Anxieties Provoking "New Survivalism"

“There’s something’s happening here. What it is ain’t exactly clear.”

Remember those lyrics from the old Buffalo Springfield hit For What It’s Worth? A few choruses later, they sang, “Paranoia strikes deep. Into your life it will creep. It starts when you’re always afraid …”

Perhaps that 1967 song should be the soundtrack for a current phenomenon labeled by the New York Times as “The New Survivalism.” It’s finding traction in middle-class America, where some people are beginning to stockpile food, gasoline and water. They’re turning their yards into vegetable gardens and installing photovoltaic electrical systems to survive “off the grid.” Some are reading up on how to dine on rats and dogs and learning how to dispose of bodies.

Purveyors of survival materials say today is the biggest surge in survivalist gear since the late 1970s when thousands of people headed to their basements or the mountains to await Armageddon. They say what’s happening today is much larger than the millennial Y2K scare.

Even a former global strategist for Morgan Stanley, Barton M. Biggs, writes in his new book Wealth, War and Wisdom, “We should assume the possibility of a breakdown of the civilized infrastructure.”

Oil seems to be behind some of it. Some adherents of the “peak oil” theory contend the world has already reached maximum oil production and that the increasing demand will create shortages that will devastate industrialized society. Other people look at the worldwide credit situation and see how over-extension could bring economic collapse. Even the Hurricane Katrina disaster is seen by many to be a harbinger of things to come as our climate turns even harsher.
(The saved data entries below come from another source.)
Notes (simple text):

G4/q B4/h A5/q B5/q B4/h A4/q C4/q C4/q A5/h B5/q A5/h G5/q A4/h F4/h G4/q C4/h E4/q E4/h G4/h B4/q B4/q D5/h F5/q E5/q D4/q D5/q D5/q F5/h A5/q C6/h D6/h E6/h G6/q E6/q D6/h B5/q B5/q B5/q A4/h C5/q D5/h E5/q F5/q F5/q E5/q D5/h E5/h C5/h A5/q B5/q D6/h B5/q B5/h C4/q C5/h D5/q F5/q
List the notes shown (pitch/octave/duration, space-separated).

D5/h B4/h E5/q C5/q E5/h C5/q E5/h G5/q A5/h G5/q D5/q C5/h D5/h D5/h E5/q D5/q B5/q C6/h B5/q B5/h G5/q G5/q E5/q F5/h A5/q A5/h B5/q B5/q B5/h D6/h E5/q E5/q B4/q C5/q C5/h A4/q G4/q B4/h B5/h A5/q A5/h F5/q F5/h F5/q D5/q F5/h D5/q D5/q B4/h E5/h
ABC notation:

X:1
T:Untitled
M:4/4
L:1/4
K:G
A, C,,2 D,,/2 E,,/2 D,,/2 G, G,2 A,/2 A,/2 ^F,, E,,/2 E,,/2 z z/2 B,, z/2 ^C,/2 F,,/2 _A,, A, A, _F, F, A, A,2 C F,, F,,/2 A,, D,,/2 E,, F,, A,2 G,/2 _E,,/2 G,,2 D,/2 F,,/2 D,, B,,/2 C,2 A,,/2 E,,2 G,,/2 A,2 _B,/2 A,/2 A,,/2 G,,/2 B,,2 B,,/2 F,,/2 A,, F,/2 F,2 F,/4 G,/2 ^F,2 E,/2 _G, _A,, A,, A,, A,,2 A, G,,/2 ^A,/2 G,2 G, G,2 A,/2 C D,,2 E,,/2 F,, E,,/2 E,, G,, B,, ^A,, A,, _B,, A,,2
Books such as When All Hell Breaks Loose by Cody Lunkin and Holly Deyo’s Dare to Prepare! are selling alongside more mainstream volumes such as James Howard Kunstler’s The Long Emergency, all with individual twists on the same theme. Then there’s Cormac McCarthy’s mega book hit The Road with its terrifyingly bleak post-apocalyptic vision.

As is always the case in such times, each one of us will decide how much fear and how much faith we want to live with and then act accordingly.

(Photo at top from the new Nine-Inch Nails CD "Year Zero," with its hit "Survivalism.")

2 comments:

Christine LeFever said...

I choose faith in my mind's ability to create my own world and therefore to avoid the fear path of survivalists.

Very interesting, Gregory!

Christine

Weenser said...

I prefer to do as Wayne Campbell suggests and "live in the now" rather than worring and planning for the uncertain or certain future of our civilization. But if you are looking for any good recipes for rat, I have been dining on them for years and they're delicious! They taste like chicken. ;-)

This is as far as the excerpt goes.